Friday, March 30, 2018

The passion that broke Jesus as He bled compassion

Scene from The Passion of the Christ (2004)
The betrayal in Gethsemane stands once for all time, the treachery of humanity against a God that devised us. Even of a sense that we may love God, we resist God and even repel God at times. Judas Iscariot lives in each of us; that fearful, greedy, self-obliging spirit.
The Passion of the Christ (2004) was released on February 25, 2004. I know because I was there. It was a poignant time in my life when God had my fullest attention and obedience. I was both broken and on fire.
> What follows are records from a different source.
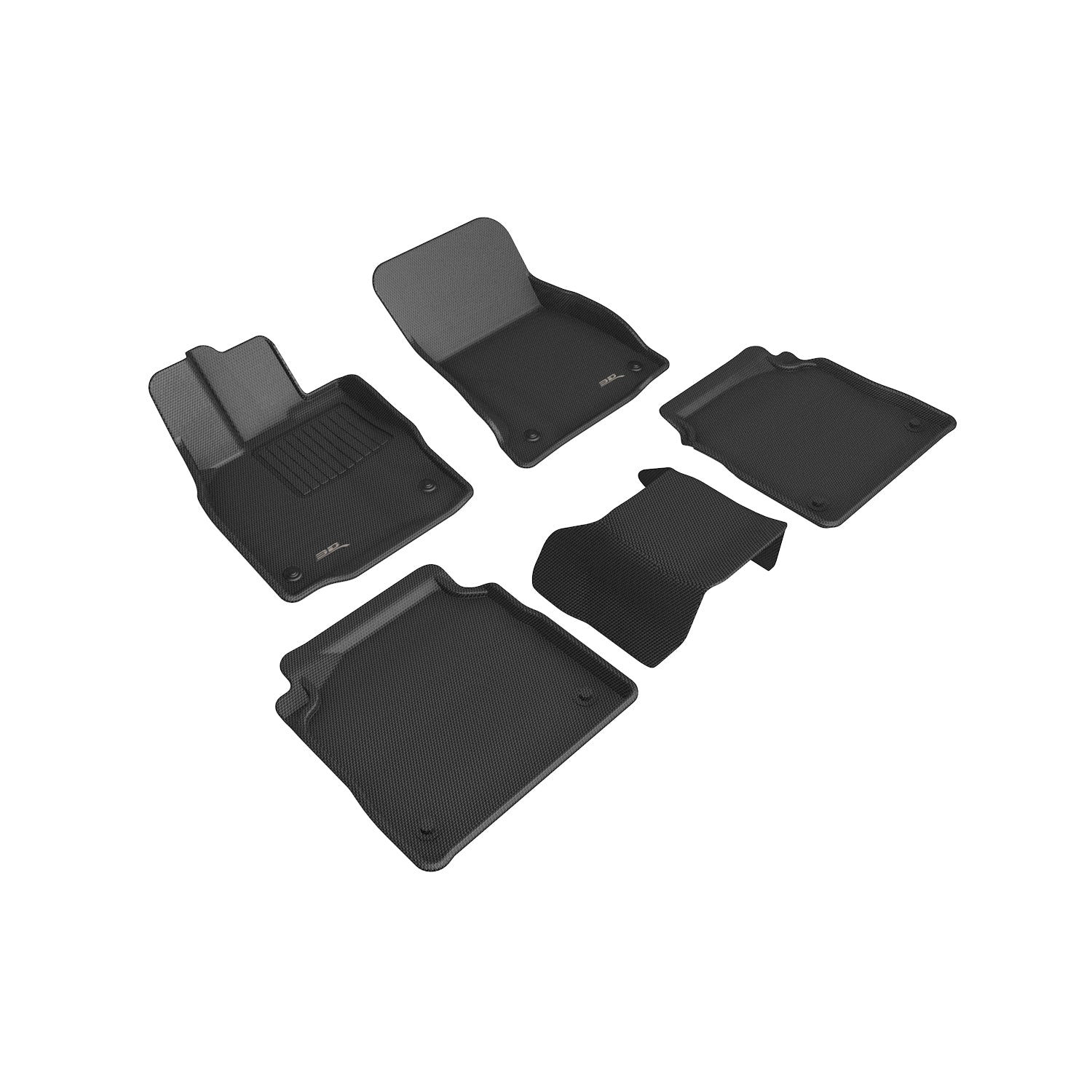 3D Maxpider 2018-2024 Lexus LS Series Custom Fit Kagu 1st 2nd Row Carbon Fiber Embossed Pattern Black Floor Mats L1LX06401509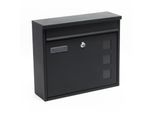 Cassetta Postale Wiltec V12 Antracite 360 X 115 X 320 Mm, Cassetta Postale A Parete Con Serratura, Finestre Di Visualizzazione E Targhetta, Cassetta Postale In Acciaio Zincato
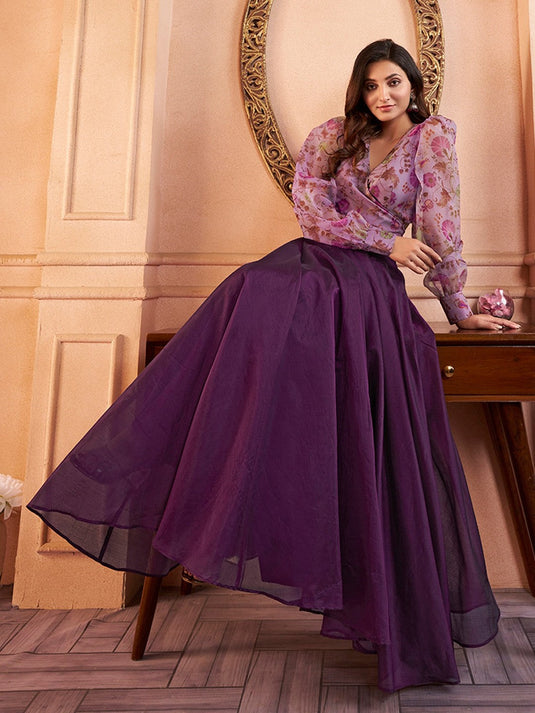Floral Printed V-Neck Organza Crop Top with Mid-Rise Chanderi Cotton Skirt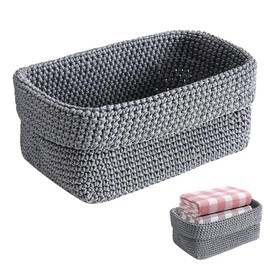 Storage Basket Bathroom Crochet Basket 21 x 13 x 15.5 cm Grey Basket for Guest Towels Basket Storage Cotton Rope Woven Basket for Kitchen, Bathroom, Shelves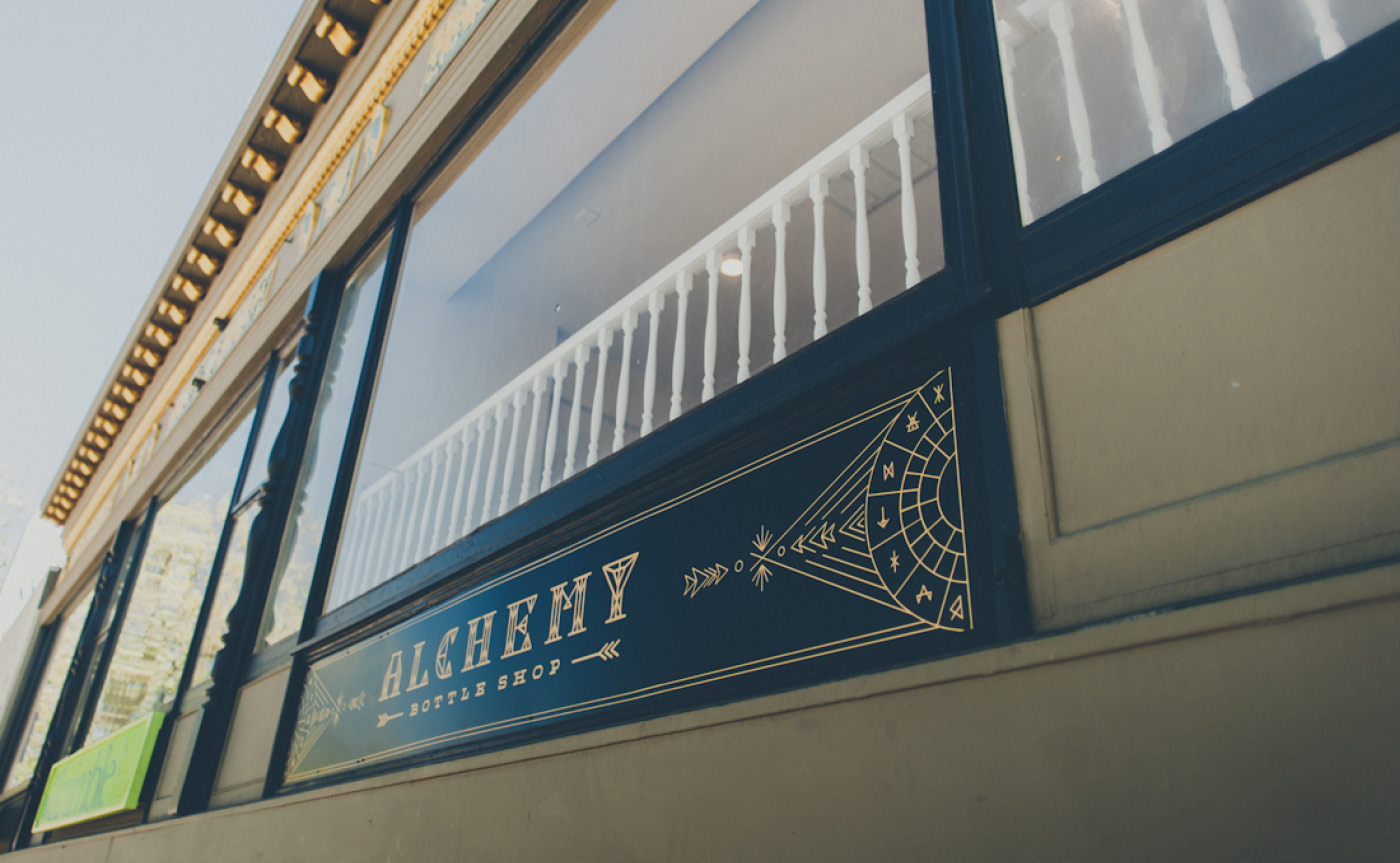 Alchemy Bottle Shop window graphics presentation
It was a Wednesday. The preceding Monday (the 23rd) had seen me rocked to within an inch of my life — five months to the day of my very first cataclysmic rock bottom experience — and this event five months later was worse than anything else I’d experienced. I was at work in an industrial port location, a leader around many wild men, beside myself in a panic attack that lasted an hour or more, and on a helpline desperate for aid. Nothing could assuage the grief I experienced that day. There had been some conflict, and I had never felt more alone and vulnerable, ever. I took the opportunity to see the operations manager who was an empathic friend, and he ordered me to go home; a non-Christian, he even offered to pray for me to my God! The drive home was twenty minutes of mental Armageddon. I devised a plan, if you know what I mean. It was a silly plan that would never have worked, but I was frantic for escape. When I arrived home, I paced through the place in that living hell, just not able to settle, tormented within. That place represented death, and death threatened to envelope me.
I was in what felt like Gethsemane, though without the burden of all eternity’s humanity crushing me.
This experience was the perfect taster for the days soon to come — to tearfully witness The Passion seven times over a fourteen-day timeframe. I sobbed throughout each showing, unashamed for what others thought. It really didn’t bother me.
Jesus meant so much.
He suffered, and was scourged and mocked,
and He bled, and His body was torn apart, and He DIED, for me!
They brutalised Him.
Only in the unconscionable
is there the witness of a compassion that bleeds love.
What God showed me about Jesus’ passion has stayed with me. It was only as I had been rejected that I came to understand how beautiful it was that Jesus was rejected. It was only from that situation — utterly alone but for five humans (my parents and my daughters) who were inextricably invested in me — that I came to understand how His love equalled the cross. A sacrifice I too could live. Feeling alone, betrayed, abandoned helped me relate with a Saviour who Himself had died alone, betrayed, abandoned.
Jesus’ passion broke Him, and in this the Father was well pleased, for God’s compassion is resplendent for all eternity in the passion of the Christ.